**Required work**
Pictures are to be excluded. Please print only the lines from the one containing "Drei nominierte Piatnik" through the end of the data, exactly as they appear.

**Supplied material**
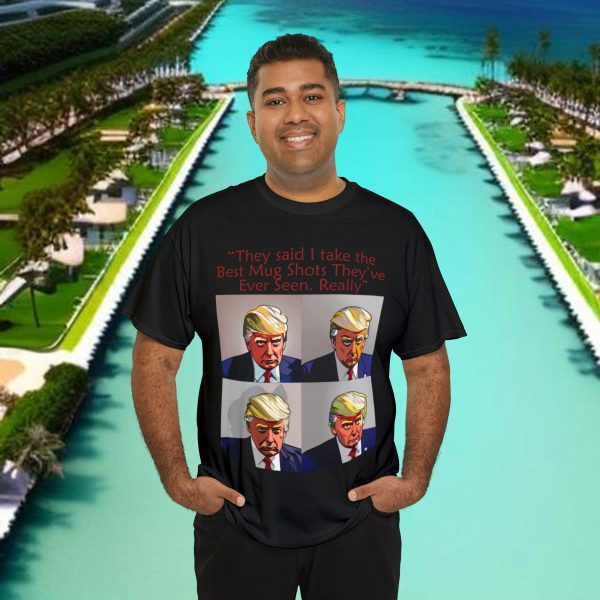 Trump Mug Shot Pop Art Tee: Politics and Pop Artistry - Two Side Graphic T-Shirt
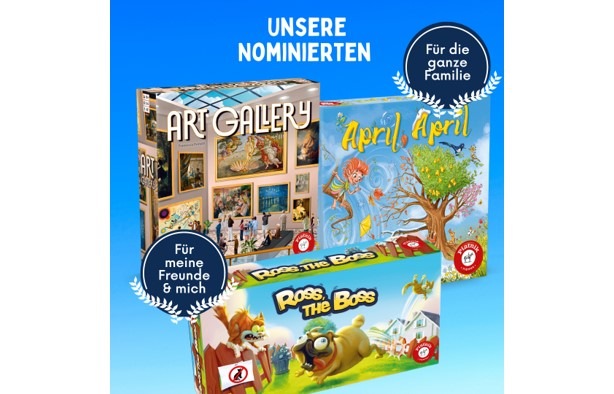 Drei nominierte Piatnik Spiele für den "Deutschen Spielzeugpreis" 2023: April, April - Art Gallery - Ross, the Boss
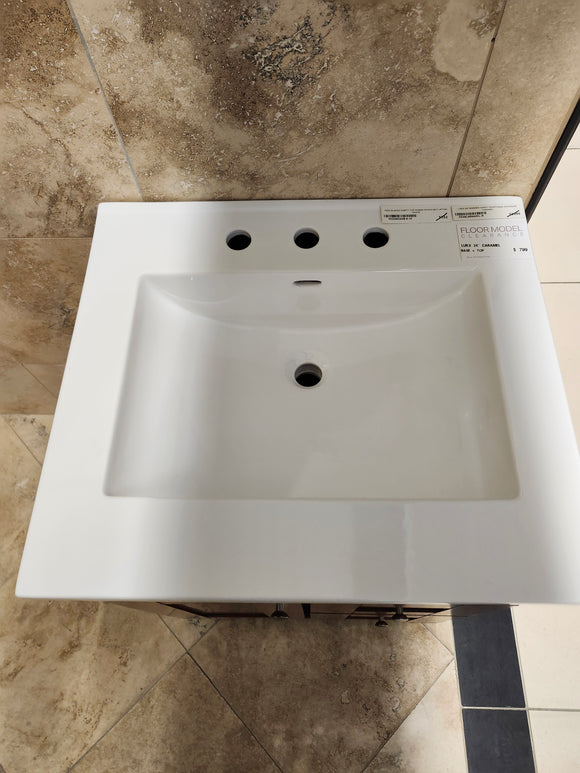 24" Lukx Caramel Vanity & Countertop Combo (as is)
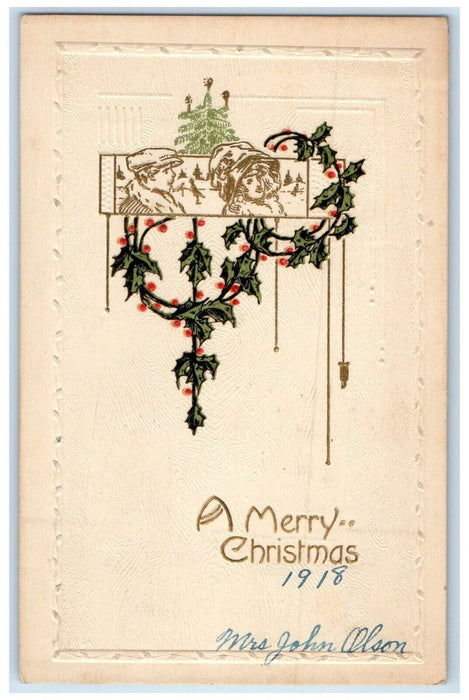 1918 Christmas Holly Berries Embossed Garfield Kansas KS Posted Antique Postcard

**Answer**
 Drei nominierte Piatnik Spiele für den "Deutschen Spielzeugpreis" 2023: April, April - Art Gallery - Ross, the Boss
 24" Lukx Caramel Vanity & Countertop Combo (as is)
 1918 Christmas Holly Berries Embossed Garfield Kansas KS Posted Antique Postcard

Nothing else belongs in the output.